§ **Task to complete**
Your response should consist of every entry, unchanged.

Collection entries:
╭──

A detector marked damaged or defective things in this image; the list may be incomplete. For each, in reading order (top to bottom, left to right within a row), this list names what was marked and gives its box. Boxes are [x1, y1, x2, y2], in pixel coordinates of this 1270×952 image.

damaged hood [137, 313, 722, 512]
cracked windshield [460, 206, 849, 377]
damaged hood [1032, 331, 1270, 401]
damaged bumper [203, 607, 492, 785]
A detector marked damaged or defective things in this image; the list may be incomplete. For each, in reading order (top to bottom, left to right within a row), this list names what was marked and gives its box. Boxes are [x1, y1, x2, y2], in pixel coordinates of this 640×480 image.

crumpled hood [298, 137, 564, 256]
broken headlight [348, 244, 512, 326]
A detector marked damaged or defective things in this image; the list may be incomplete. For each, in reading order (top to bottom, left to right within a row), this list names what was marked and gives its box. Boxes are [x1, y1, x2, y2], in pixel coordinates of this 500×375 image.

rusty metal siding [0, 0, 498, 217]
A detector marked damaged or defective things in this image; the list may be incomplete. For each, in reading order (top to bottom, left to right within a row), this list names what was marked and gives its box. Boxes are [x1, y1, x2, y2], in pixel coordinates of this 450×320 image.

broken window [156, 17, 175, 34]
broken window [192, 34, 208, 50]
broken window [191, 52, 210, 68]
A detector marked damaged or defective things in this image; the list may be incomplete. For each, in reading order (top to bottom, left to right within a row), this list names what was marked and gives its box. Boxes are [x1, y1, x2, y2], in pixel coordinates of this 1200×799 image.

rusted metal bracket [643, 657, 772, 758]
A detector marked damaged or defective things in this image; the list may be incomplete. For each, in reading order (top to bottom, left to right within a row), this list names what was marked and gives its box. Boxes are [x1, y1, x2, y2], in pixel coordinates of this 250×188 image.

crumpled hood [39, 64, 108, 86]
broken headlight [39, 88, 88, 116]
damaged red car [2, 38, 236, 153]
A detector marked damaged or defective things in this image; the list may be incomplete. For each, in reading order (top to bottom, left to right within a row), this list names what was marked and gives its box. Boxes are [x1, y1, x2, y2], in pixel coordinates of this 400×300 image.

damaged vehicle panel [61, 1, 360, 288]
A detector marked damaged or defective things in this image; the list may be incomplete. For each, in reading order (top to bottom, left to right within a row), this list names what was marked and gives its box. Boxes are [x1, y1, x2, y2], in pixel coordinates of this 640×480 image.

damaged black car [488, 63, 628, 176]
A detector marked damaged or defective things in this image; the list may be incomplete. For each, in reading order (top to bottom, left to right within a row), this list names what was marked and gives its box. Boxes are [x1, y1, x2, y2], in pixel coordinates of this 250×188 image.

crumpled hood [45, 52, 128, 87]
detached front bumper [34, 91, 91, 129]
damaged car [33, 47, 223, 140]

╰──

§ **Response to this task**
A detector marked damaged or defective things in this image; the list may be incomplete. For each, in reading order (top to bottom, left to right within a row), this list names what was marked and gives its box. Boxes are [x1, y1, x2, y2], in pixel coordinates of this 1270×952 image.

damaged hood [137, 313, 722, 512]
cracked windshield [460, 206, 849, 377]
damaged hood [1032, 331, 1270, 401]
damaged bumper [203, 607, 492, 785]
A detector marked damaged or defective things in this image; the list may be incomplete. For each, in reading order (top to bottom, left to right within a row), this list names what was marked and gives its box. Boxes are [x1, y1, x2, y2], in pixel coordinates of this 640×480 image.

crumpled hood [298, 137, 564, 256]
broken headlight [348, 244, 512, 326]
A detector marked damaged or defective things in this image; the list may be incomplete. For each, in reading order (top to bottom, left to right within a row), this list names what was marked and gives its box. Boxes are [x1, y1, x2, y2], in pixel coordinates of this 500×375 image.

rusty metal siding [0, 0, 498, 217]
A detector marked damaged or defective things in this image; the list may be incomplete. For each, in reading order (top to bottom, left to right within a row), this list names what was marked and gives its box. Boxes are [x1, y1, x2, y2], in pixel coordinates of this 450×320 image.

broken window [156, 17, 175, 34]
broken window [192, 34, 208, 50]
broken window [191, 52, 210, 68]
A detector marked damaged or defective things in this image; the list may be incomplete. For each, in reading order (top to bottom, left to right within a row), this list names what was marked and gives its box. Boxes are [x1, y1, x2, y2], in pixel coordinates of this 1200×799 image.

rusted metal bracket [643, 657, 772, 758]
A detector marked damaged or defective things in this image; the list may be incomplete. For each, in reading order (top to bottom, left to right within a row), this list names what was marked and gives its box. Boxes are [x1, y1, x2, y2], in pixel coordinates of this 250×188 image.

crumpled hood [39, 64, 108, 86]
broken headlight [39, 88, 88, 116]
damaged red car [2, 38, 236, 153]
A detector marked damaged or defective things in this image; the list may be incomplete. For each, in reading order (top to bottom, left to right within a row), this list names what was marked and gives its box. Boxes are [x1, y1, x2, y2], in pixel coordinates of this 400×300 image.

damaged vehicle panel [61, 1, 360, 288]
A detector marked damaged or defective things in this image; the list may be incomplete. For each, in reading order (top to bottom, left to right within a row), this list names what was marked and gives its box. Boxes are [x1, y1, x2, y2], in pixel coordinates of this 640×480 image.

damaged black car [488, 63, 628, 176]
A detector marked damaged or defective things in this image; the list may be incomplete. For each, in reading order (top to bottom, left to right within a row), this list names what was marked and gives its box. Boxes are [x1, y1, x2, y2], in pixel coordinates of this 250×188 image.

crumpled hood [45, 52, 128, 87]
detached front bumper [34, 91, 91, 129]
damaged car [33, 47, 223, 140]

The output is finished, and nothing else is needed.